**Required work**
Given the records underneath, please repeat exactly the lines from the line with "Корм влажный Friskies" through the line with "Flexeo Regal PRO, 3", passing over any picture.

══ Material provided ══

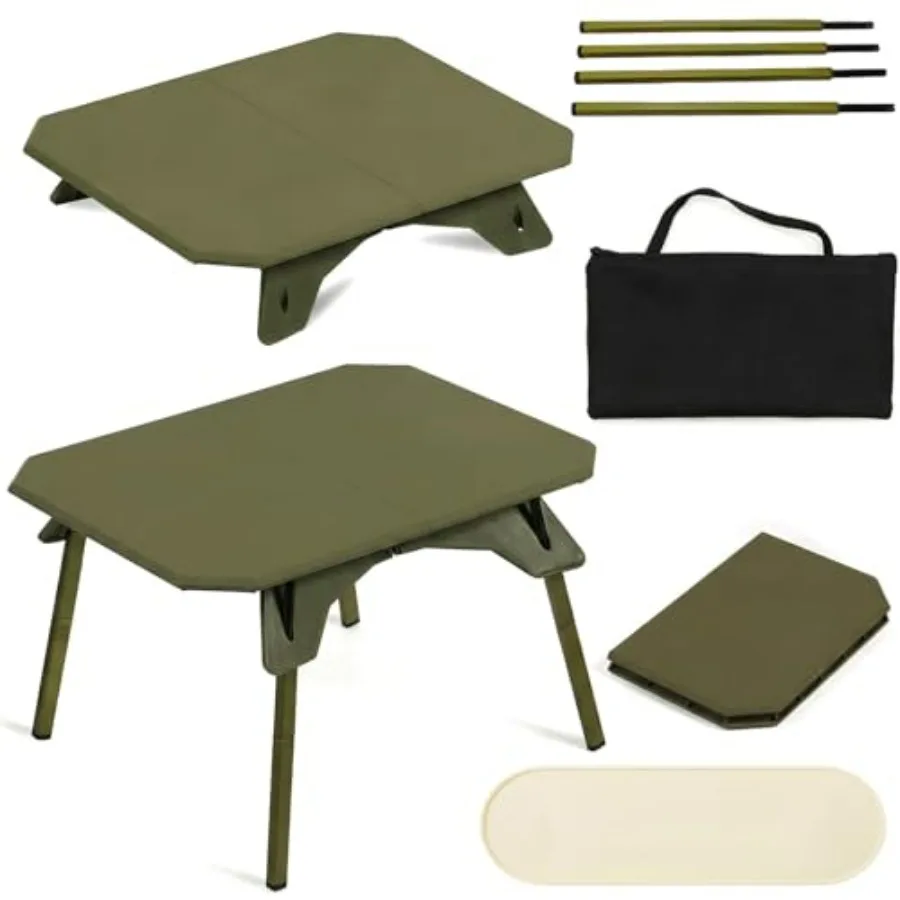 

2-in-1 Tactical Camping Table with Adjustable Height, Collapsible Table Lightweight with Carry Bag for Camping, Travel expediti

═══
══ Material provided ══

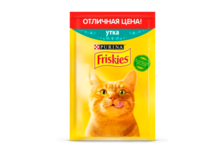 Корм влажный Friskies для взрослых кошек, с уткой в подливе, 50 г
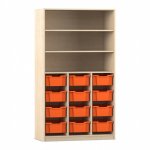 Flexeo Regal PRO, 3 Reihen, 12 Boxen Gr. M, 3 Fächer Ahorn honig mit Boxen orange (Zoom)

═══

**Written response**
 Корм влажный Friskies для взрослых кошек, с уткой в подливе, 50 г
 Flexeo Regal PRO, 3 Reihen, 12 Boxen Gr. M, 3 Fächer Ahorn honig mit Boxen orange (Zoom)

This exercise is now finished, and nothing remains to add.